Прошел, однако, месяц, прежде чем я смог, по предписанию врача, расстаться со своими невольными спутниками. О, какая это была великая радость, когда я, точно воскресший, смог один, без помощи Гильды, взобраться по круче к живописным развалинам замка Гогенбаден и увидеть с высоты простор Рейнской долины в сплошных виноградниках, в пестрых сельских домиках!
Выздоровление мое шло быстро. Мы уже совершали с Гильдой, а иногда и с отцом ее, дальние пешеходные прогулки или отправлялись в коляске в горы к хуторянам — швабам и алеманам, умельцам по выделке из бука фигурок козуль и серн, тупоносых башмаков и прочих сувениров. А вечерами мы обычно прогуливались по Баден-Бадену, чаще всего по длинной и широкой Лихтентальской аллее, мимо памятника королеве Августе. Здесь то и дело встречались отдыхающие и лечащиеся военные. После французской кампании их было особенно много в Баден-Бадене. Они прогуливались по городу с величавой надменностью победителей, заслуживших после смертельных тягот войны все удовольствия мира. Каждый встреченный пиджак или макинтош вызывал в них, кажется, презрительное недоумение: а почему он, собственно, не мундир или не шинель?.. Как идолы, созданные для всеобщего поклоненья, военные шли сквозь толпу, вздернув подбородки, глядя поверх голов, и даже самые завзятые курортники-богачи поспешно уступали им дорогу. К тому же лечебные ванны они принимали вне всякой очереди, в кинотеатре садились только на литерные места, а когда на экране возникало изображение фюрера, вскакивали с щелканьем каблуков и, выбросив руку чуть ли не к потолку, выкрикивали: „Хайль Гитлер!“ А следом, с послушностью сцепленных в одном механизме шестеренок, вскакивали все зрители, чтобы потрясти своим крикливым восторгом своды огромного зала.

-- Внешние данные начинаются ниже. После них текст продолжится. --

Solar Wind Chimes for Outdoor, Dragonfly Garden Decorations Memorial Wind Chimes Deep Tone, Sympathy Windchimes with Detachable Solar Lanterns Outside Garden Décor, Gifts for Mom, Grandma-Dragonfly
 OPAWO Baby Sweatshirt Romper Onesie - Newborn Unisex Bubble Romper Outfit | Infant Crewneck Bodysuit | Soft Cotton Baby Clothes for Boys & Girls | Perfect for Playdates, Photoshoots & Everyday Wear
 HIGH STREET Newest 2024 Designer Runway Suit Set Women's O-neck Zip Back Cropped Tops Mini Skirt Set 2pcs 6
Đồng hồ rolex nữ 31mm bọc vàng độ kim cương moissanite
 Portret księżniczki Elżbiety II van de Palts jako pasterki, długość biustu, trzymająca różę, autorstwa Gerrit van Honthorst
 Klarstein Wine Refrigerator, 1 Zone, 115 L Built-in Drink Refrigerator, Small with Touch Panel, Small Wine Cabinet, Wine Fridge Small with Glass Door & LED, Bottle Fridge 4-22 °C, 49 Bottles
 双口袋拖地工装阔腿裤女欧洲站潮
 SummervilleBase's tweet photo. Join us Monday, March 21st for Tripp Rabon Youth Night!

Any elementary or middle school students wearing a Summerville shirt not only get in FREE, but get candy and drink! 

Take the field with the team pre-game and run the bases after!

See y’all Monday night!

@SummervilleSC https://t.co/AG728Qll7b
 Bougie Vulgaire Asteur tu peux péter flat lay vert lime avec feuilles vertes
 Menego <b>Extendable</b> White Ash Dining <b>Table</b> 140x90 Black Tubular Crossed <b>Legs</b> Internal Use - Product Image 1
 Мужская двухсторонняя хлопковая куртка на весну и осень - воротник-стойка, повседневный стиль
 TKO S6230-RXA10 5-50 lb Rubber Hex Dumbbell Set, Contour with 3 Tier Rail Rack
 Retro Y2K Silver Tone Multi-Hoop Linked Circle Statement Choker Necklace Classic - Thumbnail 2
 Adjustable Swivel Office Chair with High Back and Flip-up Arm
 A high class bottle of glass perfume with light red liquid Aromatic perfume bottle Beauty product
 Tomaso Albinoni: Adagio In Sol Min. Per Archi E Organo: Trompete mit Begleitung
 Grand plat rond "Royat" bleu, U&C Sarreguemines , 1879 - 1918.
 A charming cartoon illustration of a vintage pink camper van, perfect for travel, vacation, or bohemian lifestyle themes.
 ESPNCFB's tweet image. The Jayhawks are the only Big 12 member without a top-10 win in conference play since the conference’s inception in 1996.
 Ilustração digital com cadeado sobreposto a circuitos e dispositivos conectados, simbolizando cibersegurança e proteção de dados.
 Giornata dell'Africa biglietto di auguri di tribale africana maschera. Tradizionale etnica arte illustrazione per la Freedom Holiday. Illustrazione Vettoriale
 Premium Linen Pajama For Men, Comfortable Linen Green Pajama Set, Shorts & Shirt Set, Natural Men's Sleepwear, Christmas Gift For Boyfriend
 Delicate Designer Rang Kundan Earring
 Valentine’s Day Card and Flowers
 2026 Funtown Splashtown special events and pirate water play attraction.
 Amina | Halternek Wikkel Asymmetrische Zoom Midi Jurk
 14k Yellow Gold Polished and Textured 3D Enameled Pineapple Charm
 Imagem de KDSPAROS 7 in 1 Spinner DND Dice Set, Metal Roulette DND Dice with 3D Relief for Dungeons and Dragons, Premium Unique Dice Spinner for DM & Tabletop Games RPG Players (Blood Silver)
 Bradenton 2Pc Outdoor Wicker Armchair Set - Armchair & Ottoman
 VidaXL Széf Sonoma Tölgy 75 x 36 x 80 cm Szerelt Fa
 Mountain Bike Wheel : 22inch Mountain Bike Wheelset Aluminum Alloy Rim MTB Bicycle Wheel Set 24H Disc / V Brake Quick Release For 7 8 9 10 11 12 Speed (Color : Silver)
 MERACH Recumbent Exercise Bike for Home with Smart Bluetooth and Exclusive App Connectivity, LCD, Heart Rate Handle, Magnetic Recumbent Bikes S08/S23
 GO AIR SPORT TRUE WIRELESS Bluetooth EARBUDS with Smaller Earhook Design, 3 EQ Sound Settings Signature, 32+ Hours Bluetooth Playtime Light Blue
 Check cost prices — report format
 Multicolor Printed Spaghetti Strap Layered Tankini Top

Кстати, здесь, на курорте, я впервые увидел… имперского канцлера. Столичные кинооператоры отсняли его выступление на заводе „Борзинг“. Гитлер начал говорить тихо и внятно, даже с улыбкой. Но вот улыбка незаметно перешла в саркастическую ухмылку, низкий лоб под косой свисающей челкой наморщился, голос стал резким, хрипловатым, правая рука принялась жестикулировать и тянуться вверх, причем пальцы попеременно загибались. Вскоре к правой руке присоединилась левая, куда более энергичная, то и дело сжимавшаяся в кулак. Теперь обе руки вскидывались, скрещивались в воздухе над головой, заносились со сжатыми кулаками в разные стороны, словно у каждой был невидимый меч и оратор, говоривший о „коварстве“ плутократов-англичан, хотел отсечь им головы. Это они, уверял Гитлер с гневом карающего пророка, нарушили тихую, мирную жизнь Германии. Не будь козней англичан, жизнь немцев сделалась бы еще лучше: каждая рабочая семья имела бы по „фольксвагену“ — маленькому автомобилю. Поэтому Англию надо стереть с лица земли! „Если, — прибавлял тут же Гитлер, — они не протянут руку дружбы“.
Между тем курс моего лечения заканчивался. Близилась пора отъезда в Эссен, где знакомились с опытом немецких металлургов мои товарищи. На прощанье профессор Гельвиг организовал в мою честь поездку на Боденское озеро на новеньком „оппеле“.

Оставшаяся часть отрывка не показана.